REQUIRED WORK » The reply should hold only the lines below beginning at the one with "This is Maureen" and ending at the one with "The next social", copied exactly, with every picture left out.

PROVIDED INFORMATION »
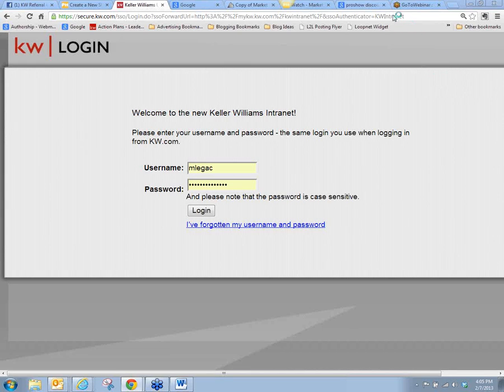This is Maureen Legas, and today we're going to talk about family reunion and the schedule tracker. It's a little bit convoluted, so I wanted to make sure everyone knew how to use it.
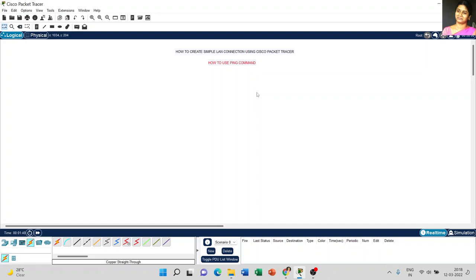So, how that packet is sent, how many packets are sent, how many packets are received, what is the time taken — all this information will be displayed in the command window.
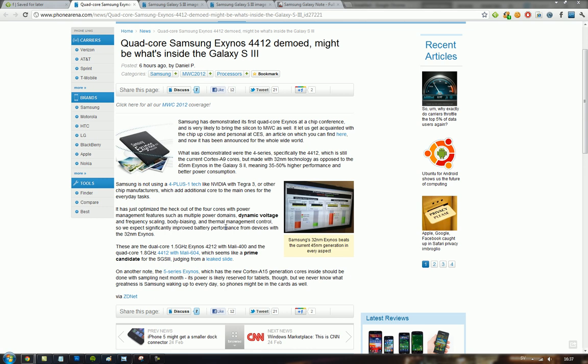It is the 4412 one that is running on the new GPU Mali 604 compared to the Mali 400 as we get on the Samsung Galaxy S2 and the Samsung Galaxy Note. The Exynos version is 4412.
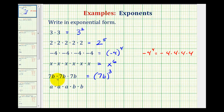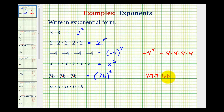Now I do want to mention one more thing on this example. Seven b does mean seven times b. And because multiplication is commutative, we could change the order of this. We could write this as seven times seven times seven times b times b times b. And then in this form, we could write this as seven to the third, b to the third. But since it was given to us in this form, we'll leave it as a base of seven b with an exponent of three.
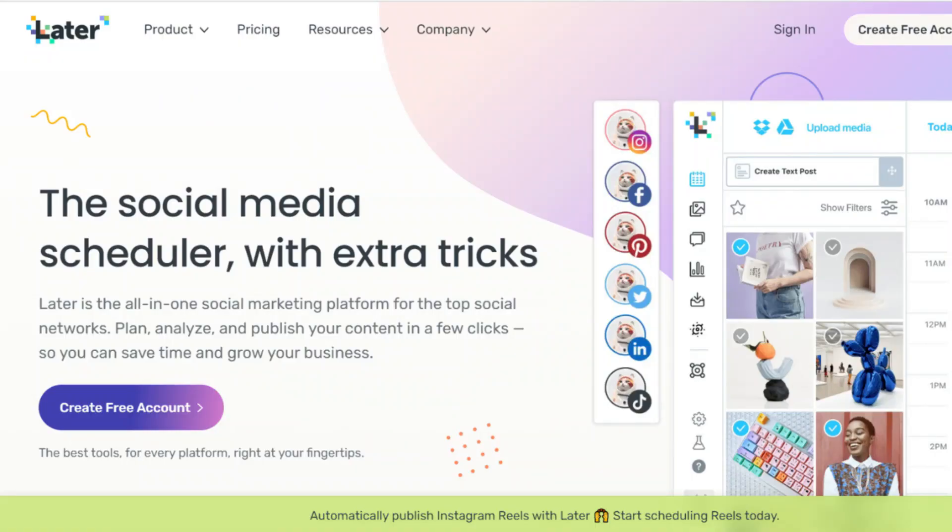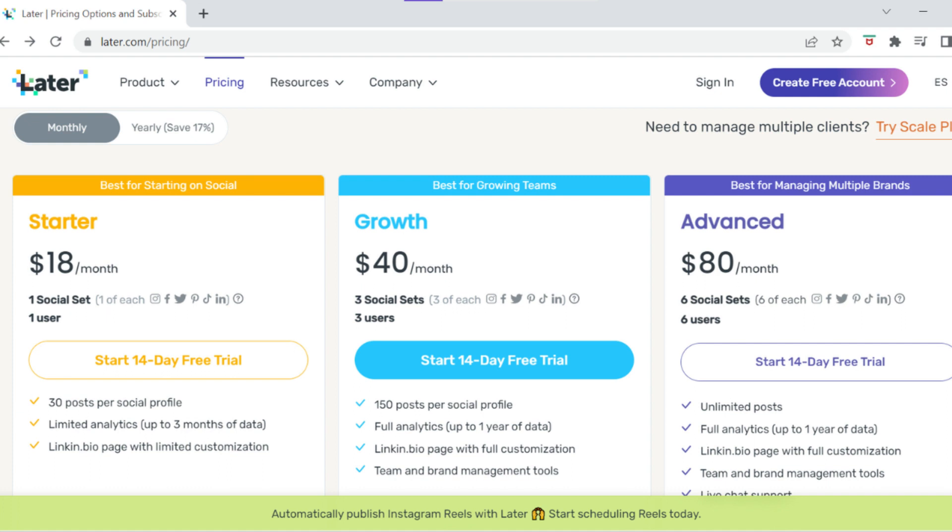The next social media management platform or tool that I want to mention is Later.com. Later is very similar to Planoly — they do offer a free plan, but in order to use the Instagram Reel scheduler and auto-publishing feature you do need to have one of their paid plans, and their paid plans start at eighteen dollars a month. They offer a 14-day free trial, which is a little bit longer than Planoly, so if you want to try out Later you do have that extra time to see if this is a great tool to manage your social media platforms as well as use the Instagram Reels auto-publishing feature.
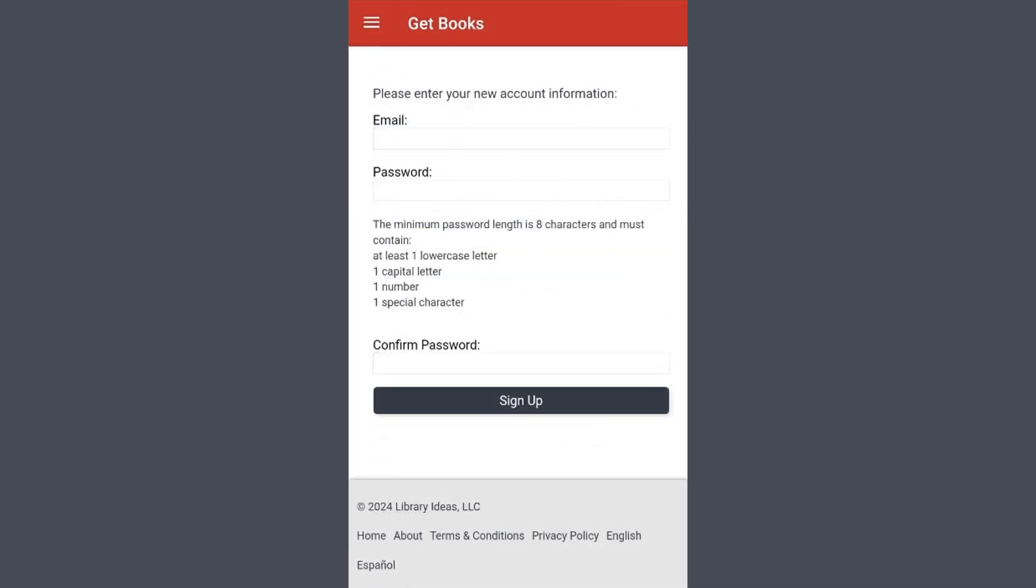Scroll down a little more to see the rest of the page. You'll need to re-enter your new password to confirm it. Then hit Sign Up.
...
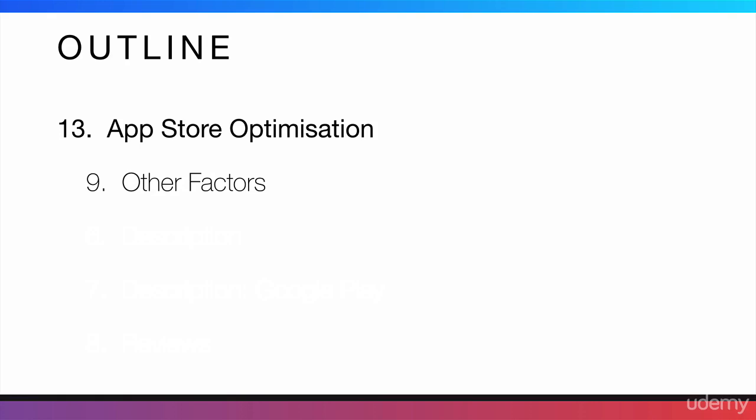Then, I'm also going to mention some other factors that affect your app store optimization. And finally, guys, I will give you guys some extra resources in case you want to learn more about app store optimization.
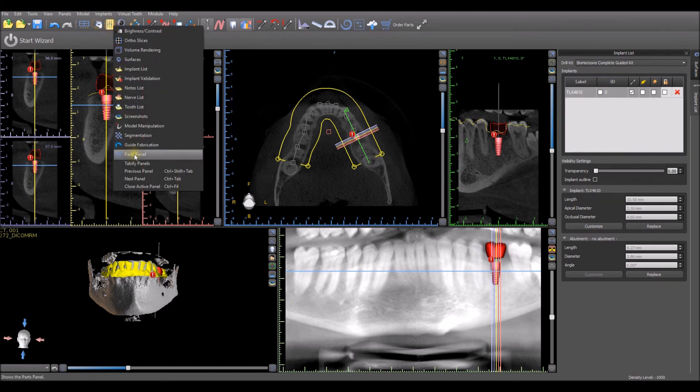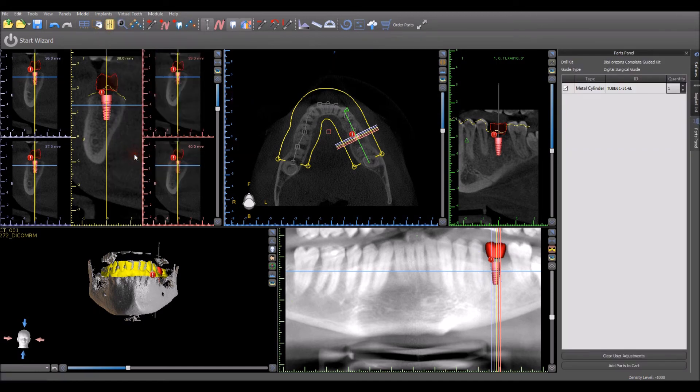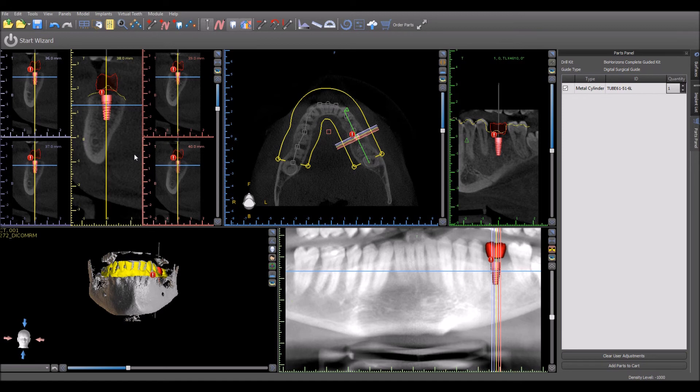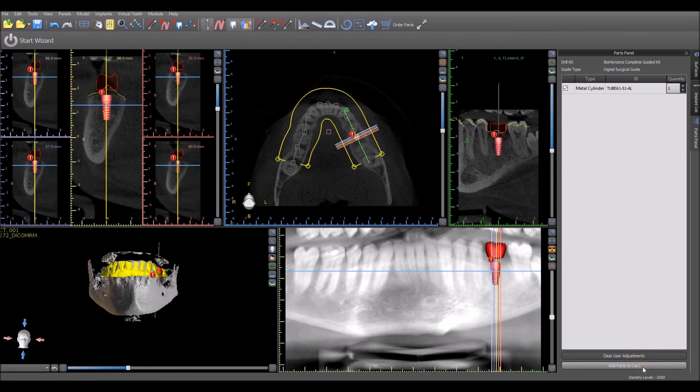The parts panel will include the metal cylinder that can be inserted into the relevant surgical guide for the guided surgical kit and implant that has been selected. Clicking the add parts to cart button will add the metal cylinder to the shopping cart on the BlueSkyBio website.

RESULT BELOW »
This is Maureen Legas, and today we're going to talk about family reunion and the schedule tracker. It's a little bit convoluted, so I wanted to make sure everyone knew how to use it.
So, how that packet is sent, how many packets are sent, how many packets are received, what is the time taken — all this information will be displayed in the command window.
It is the 4412 one that is running on the new GPU Mali 604 compared to the Mali 400 as we get on the Samsung Galaxy S2 and the Samsung Galaxy Note. The Exynos version is 4412.
Now I do want to mention one more thing on this example. Seven b does mean seven times b. And because multiplication is commutative, we could change the order of this. We could write this as seven times seven times seven times b times b times b. And then in this form, we could write this as seven to the third, b to the third. But since it was given to us in this form, we'll leave it as a base of seven b with an exponent of three.
The next social media management platform or tool that I want to mention is Later.com. Later is very similar to Planoly — they do offer a free plan, but in order to use the Instagram Reel scheduler and auto-publishing feature you do need to have one of their paid plans, and their paid plans start at eighteen dollars a month. They offer a 14-day free trial, which is a little bit longer than Planoly, so if you want to try out Later you do have that extra time to see if this is a great tool to manage your social media platforms as well as use the Instagram Reels auto-publishing feature.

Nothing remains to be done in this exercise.